Davis ends the book with a story of a time she felt Tate said good-bye to her, when she and her husband and friends were on a golf course and Davis was caught in a cylindrical swirl of leaves, lifted by the wind.
“And I felt her. I was sure of it. Tate. Moving through me, saying her good-byes to me. Letting me go,” Davis wrote.
The Davis story is horrific and underscores the quandary faced by pro-abort forces. Absolutely no one with an IQ in double digits or higher has any doubt that a pregnant woman is carrying a baby. While polls and surveys show that Americans are sympathetic to case for abortion in select instances, they, by and large, oppose killing children. This has forced them to emphasize abortions which are a distinct minority, i.e., those impacting the life of the mother, fatal deformity, or the famous and virtually non-existent categories of “rape and incest,” in order to protect what they really want: to be able to kill any child in utero for any reason:
Not only would I have to be on bed rest at 20 weeks, I wouldn’t be able to fly after 15. I was already at eight weeks. When I found out about the triplets, I felt like: It’s not the back of a pickup at 16, but now I’m going to have to move to Staten Island. I’ll never leave my house because I’ll have to care for these children. I’ll have to start shopping only at Costco and buying big jars of mayonnaise. Even in my moments of thinking about having three, I don’t think that deep down I was ever considering it.

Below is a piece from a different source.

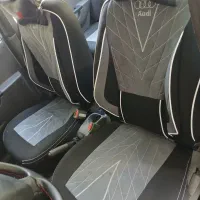 پرایدمدل ۹۲ بیرنگ|خودرو سواری و وانت|بیرانوند, |دیوار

In her 2011 book, How to be a Woman, author Caitlin Moran writes about “good” abortions vs. “bad” abortions. “Good”abortions are the ones for a “raped teenager” or “a mother whose life is endangered,” and “these women get away with barely any stigmatization.” Then, there are “bad” abortions, the “worst” being “repeated abortions, late-term abortions, abortions after IVF, and—worst of all—mothers who have abortions.” Moran fell into the later category when she decided to have an abortion after already having two daughters, and she didn’t hesitate to emphasize how clear and simple the choice was for her:
I’m not being flippant when I say it took me longer to decide what countertops to have in the kitchen then whether I was prepared to spend the rest of my life being responsible for a further human being, because I knew that do it again—to commit my life to another person —might very possibly stretch my abilities, and conception of who I am, and who I want to be, and what I need and need to do —to a breaking point.
In this view, any story that separates abortions into “good” and “bad” categories is negative because it defeats the larger agenda of making infanticide on demand a decision that is not subject to discussion much less moral scrutiny. Davis’s story must be seen for what it is, an attempt to remove any possible value judgment from abortion.
Wendy Davis reminds us of the story of the kid who kills his parents and asks for leniency because he is an orphan. Had Wendy Davis lost a baby to fatal congenital defects she would be deserving of our sympathy. She didn’t. And she isn’t. Her defense of infanticide, given her personal experience, is inexplicable outside of political expediency. Her attempt to ennoble a cruel and uncivilized practice by the use of anecdote should earn her our contempt not our respect.